My Hawthorne has been repainted in the past, no trace of the original paint job remains. Am I better off to have my frame sandblasted, media blasted, or chemically dipped? 

Any thoughts?

Thanks!


----------



## Herman

All will work,sandblasting is probably the cheapest but is a little more harsher than media blasting,dipping will actually remove any rust inside where blasting can't reach


----------



## Velostigmat

How would I reseal the inside of the frame after dipping? Slosh some of that automotive gas tank sealer maybe?


----------



## partsguy

I have handsanded and it is smooth as silk afterwords. I thought about rust proofing the inside, but didn't know how.


----------



## Herman

That gas tank sealer might work,maybe rustoleum primer paint thinned down,oil?. Remember when they left the factory they were probably bare metal inside.


----------



## jpratt2

Try JP Weigle's Framesaver...absolutely the best.
http://www.bikeman.com/LU7500.html?...utm_medium=GoogleBase&utm_campaign=GoogleBase


----------



## Bozman

I just chemically stripped down my Westfield Compax. Easy can do for a home paint stripper kit. BE CAREFUL as you are dealing with caustic material, use at your own risk!
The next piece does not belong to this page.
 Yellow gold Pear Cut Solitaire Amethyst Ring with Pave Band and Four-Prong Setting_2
You will need the following: 

1. Plastic tub big enough to fit your frame submerged. 
2. Enough water to submerge fill the tub to cover your bike 5-10 gallons
3. 1 Can of Lye or Crystal Drano
4. Safety Equipment: Proper Chemical Resistant Gloves, Goggles/Face Shield old clothes/chemical apron
5. Running water to wash off any spill
6. Wire Brushes 

Fill the tub with water to submerge your parts. Add Drano. Use protective gear and lower the parts into the bath and leave overnight 8-12 hours. Paint just sluffs off with wire brush and a hose. 

Any residual paint just leave the part in the bath for another couple of hours and repeat rinse and wire brush trick.
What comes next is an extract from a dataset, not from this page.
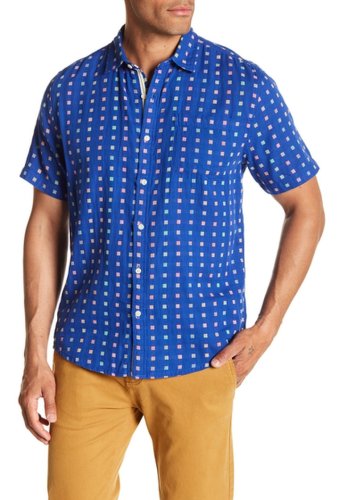 Imbracaminte barbati natural blue square print modern fit shirt indigo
To dispose of the paint/draino mixture strain mixture through old cloth t shirts to catch the paint. Dispose of the now paint soaked t shirts in the trash and pour the Draino water down the sink to clean your pipes.

As I warned before, this method deals with caustic chemicals so use it at your own risk. I stripped my entire Columbia Compax in one day for about $30.


----------



## JLarkin

Great technique.  I might try this on a smaller scale.  I can get a fully dressed bike sandblasted for $40 so it's not worth the setup and cleanup for me.


----------



## RiverCityCyclist

I had a 64 Traveler stripped (chemically) then cad plated before powder coat this prevents any future rust problems when it is all done I'll post some befores and afters. I got the frame back from coat taday matter of fact and it looks beautiful.


----------



## ChadB

All I did to strip my bikes was get a couple cans of aircraft stripper 
(the paint remover, not a naughty stewardess) from the auto parts store, put on some gloves and a long sleeved shirt, and spray the frame, let it sit a few minutes, then take off the paint with a wire brush. That stuff takes the paint right off, and if there's any rust, use the same wire brush and some naval jelly.


----------